MATERIAL TO PROCESS -
────────────────────

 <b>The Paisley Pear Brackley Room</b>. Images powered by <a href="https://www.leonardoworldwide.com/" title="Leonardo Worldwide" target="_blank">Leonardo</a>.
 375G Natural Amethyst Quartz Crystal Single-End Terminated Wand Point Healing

────────────────────

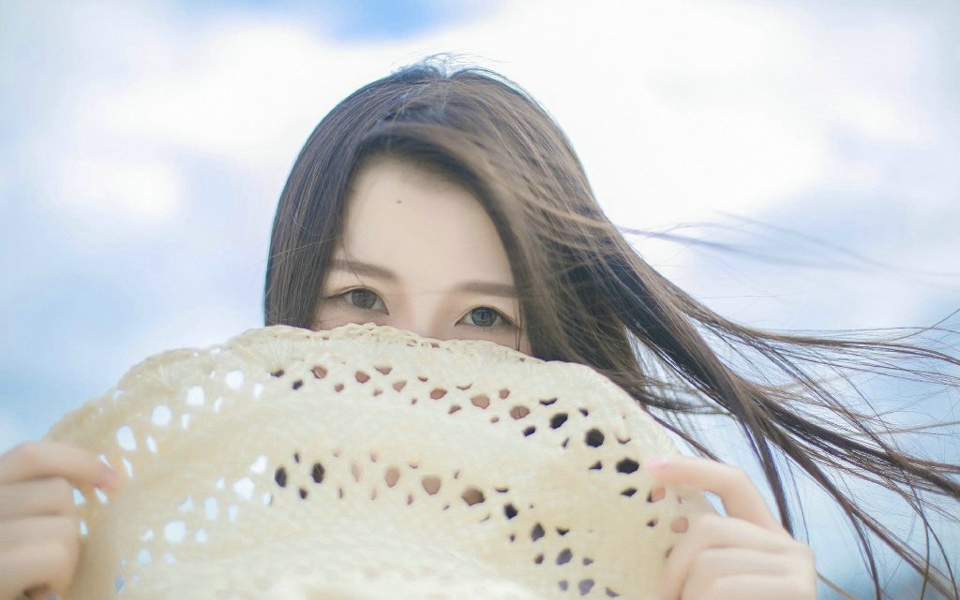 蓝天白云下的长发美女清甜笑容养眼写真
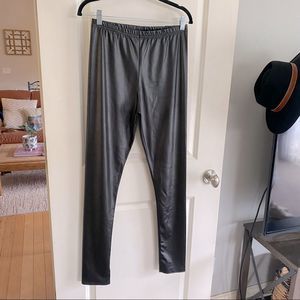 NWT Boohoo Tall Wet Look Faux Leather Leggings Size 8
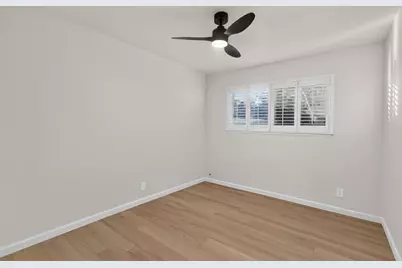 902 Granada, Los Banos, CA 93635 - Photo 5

────────────────────

PROBLEM STATEMENT -
Look back at the data above, then output exactly the lines from the line holding "NWT Boohoo Tall" up to and including the line holding "902 Granada, Los Banos, CA 93635 - Photo 5". Leave out the pictures.

TASK RESPONSE -
 NWT Boohoo Tall Wet Look Faux Leather Leggings Size 8
 902 Granada, Los Banos, CA 93635 - Photo 5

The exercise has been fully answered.